- Extracted material
......

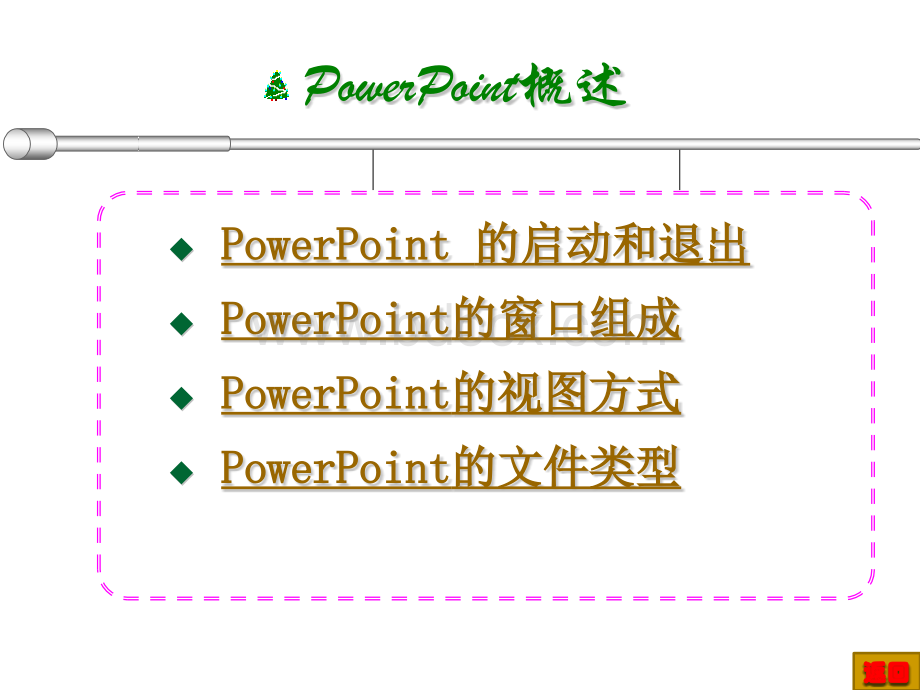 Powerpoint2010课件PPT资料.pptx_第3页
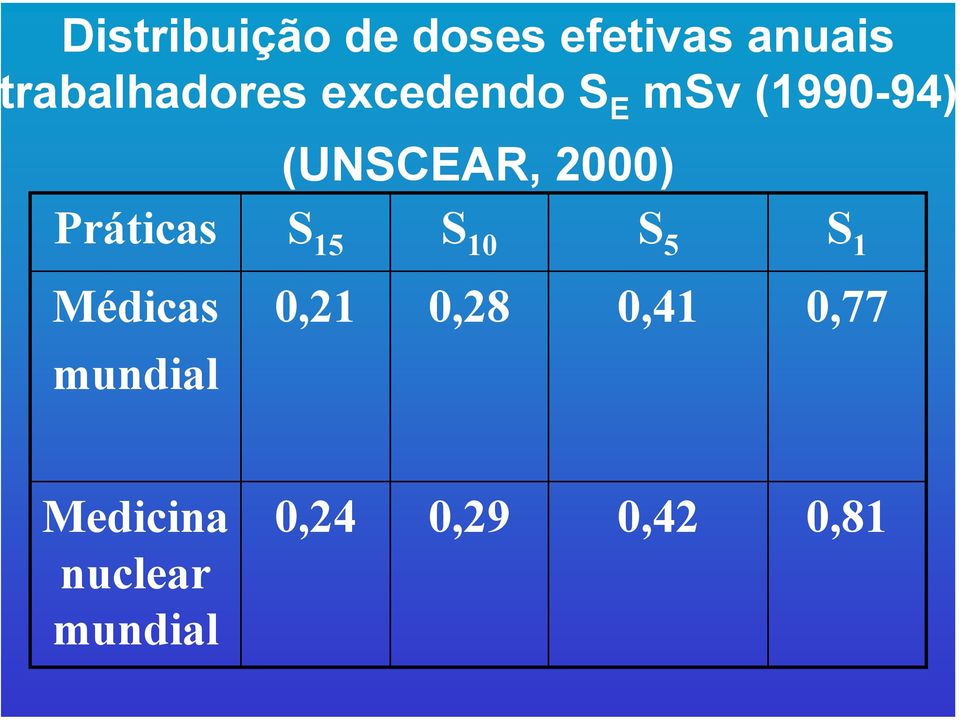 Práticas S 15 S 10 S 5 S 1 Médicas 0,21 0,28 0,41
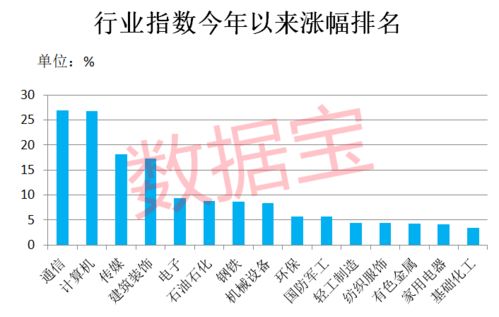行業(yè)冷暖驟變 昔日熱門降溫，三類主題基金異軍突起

......

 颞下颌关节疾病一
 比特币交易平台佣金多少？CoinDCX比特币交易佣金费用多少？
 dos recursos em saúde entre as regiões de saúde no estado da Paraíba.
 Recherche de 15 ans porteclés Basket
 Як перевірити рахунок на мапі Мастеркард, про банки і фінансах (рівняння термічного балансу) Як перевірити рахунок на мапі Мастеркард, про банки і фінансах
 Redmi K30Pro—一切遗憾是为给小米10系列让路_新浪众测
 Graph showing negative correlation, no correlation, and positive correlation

......

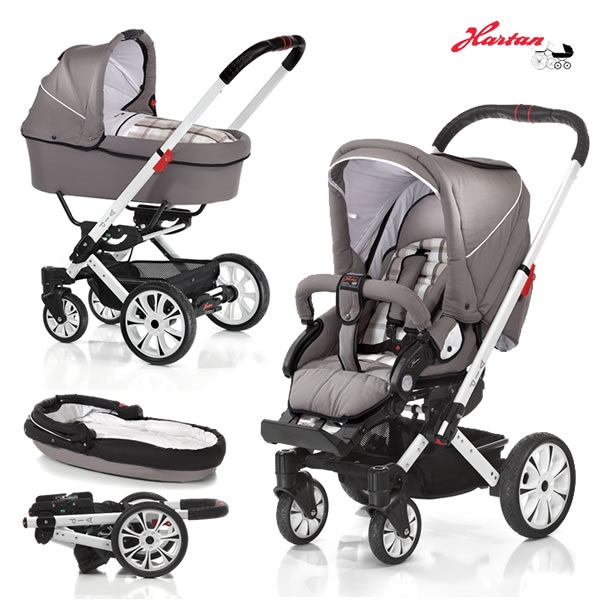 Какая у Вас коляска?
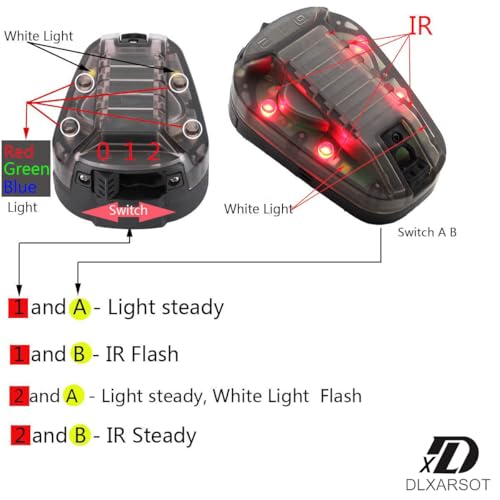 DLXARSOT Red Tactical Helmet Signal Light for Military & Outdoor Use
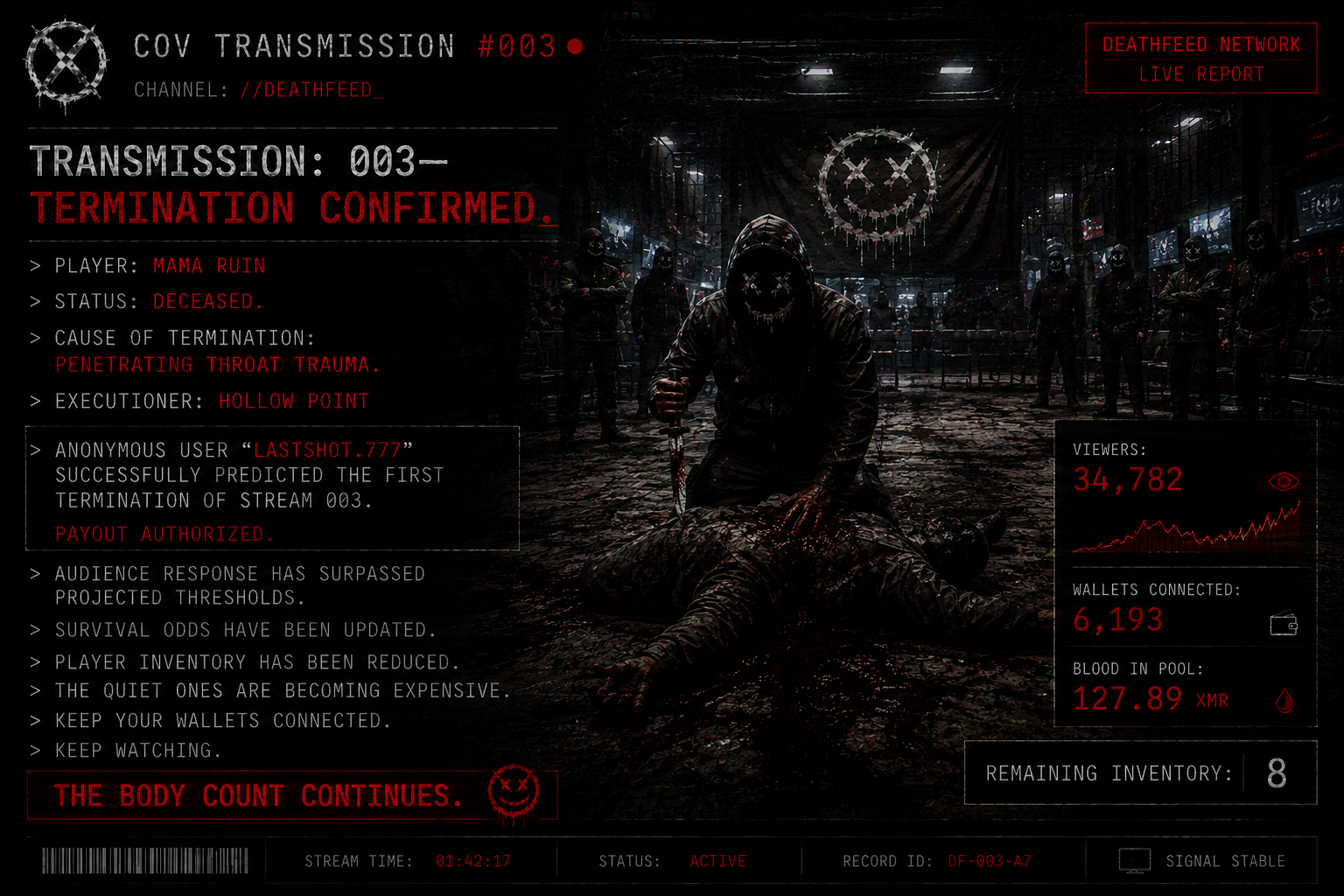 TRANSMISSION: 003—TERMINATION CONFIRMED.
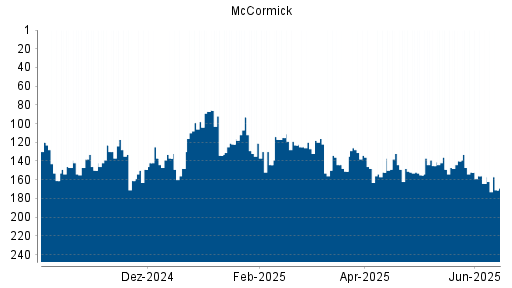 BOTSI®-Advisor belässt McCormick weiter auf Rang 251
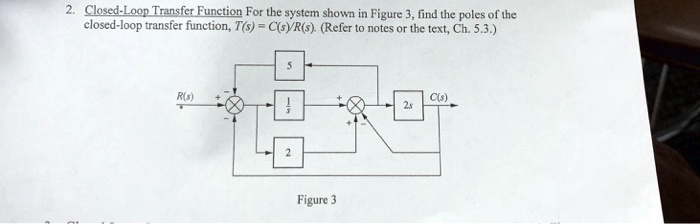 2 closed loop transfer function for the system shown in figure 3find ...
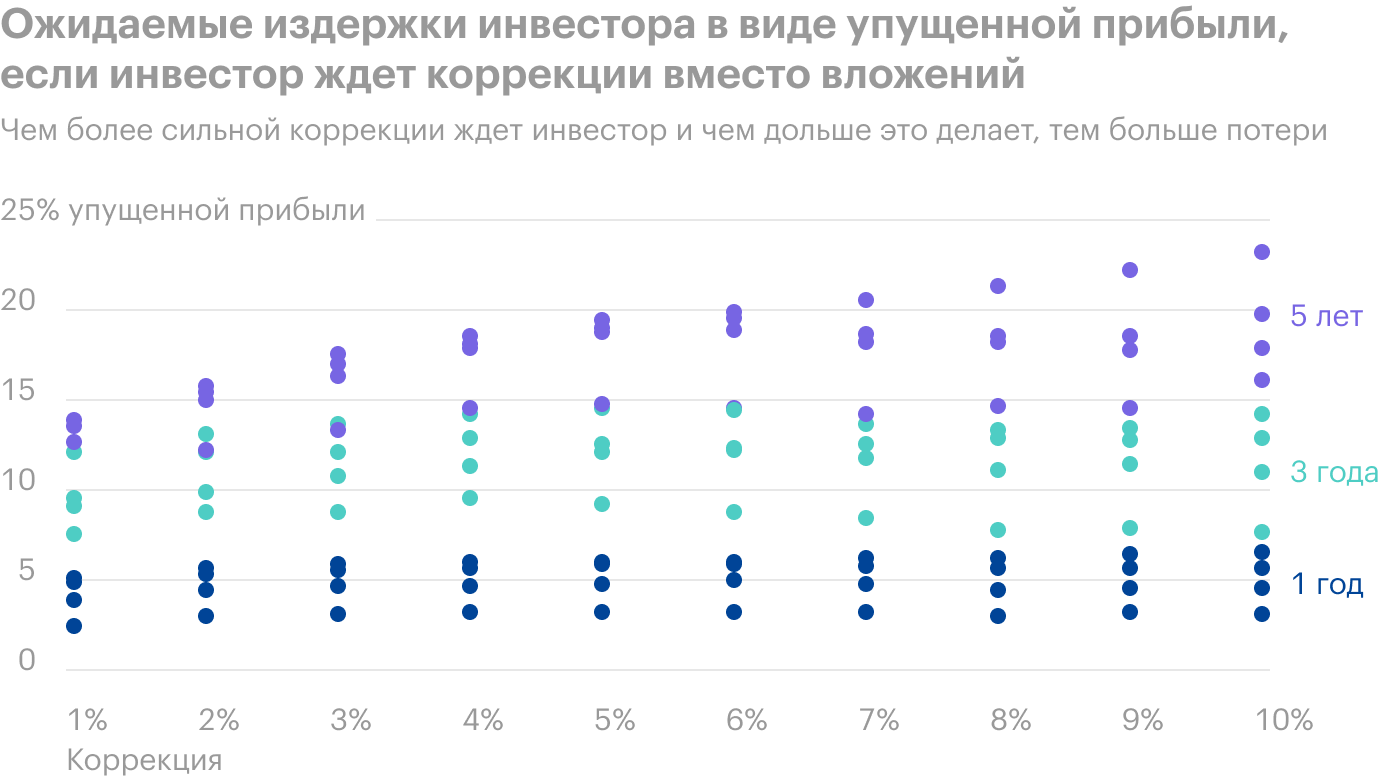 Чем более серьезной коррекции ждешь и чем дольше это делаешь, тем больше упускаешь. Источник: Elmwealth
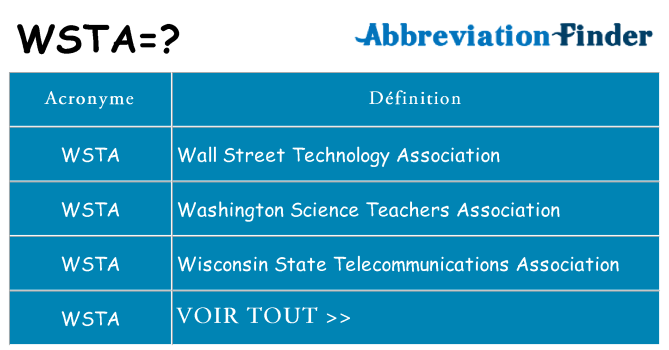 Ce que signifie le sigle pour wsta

......

- Task details
From the records above, copy only the lines running from the line containing "Чем более серьезной" to the line containing "Ce que signifie le sigle pour wsta", both ends included. Leave the pictures out.

- Solution to the exercise
 Чем более серьезной коррекции ждешь и чем дольше это делаешь, тем больше упускаешь. Источник: Elmwealth
 Ce que signifie le sigle pour wsta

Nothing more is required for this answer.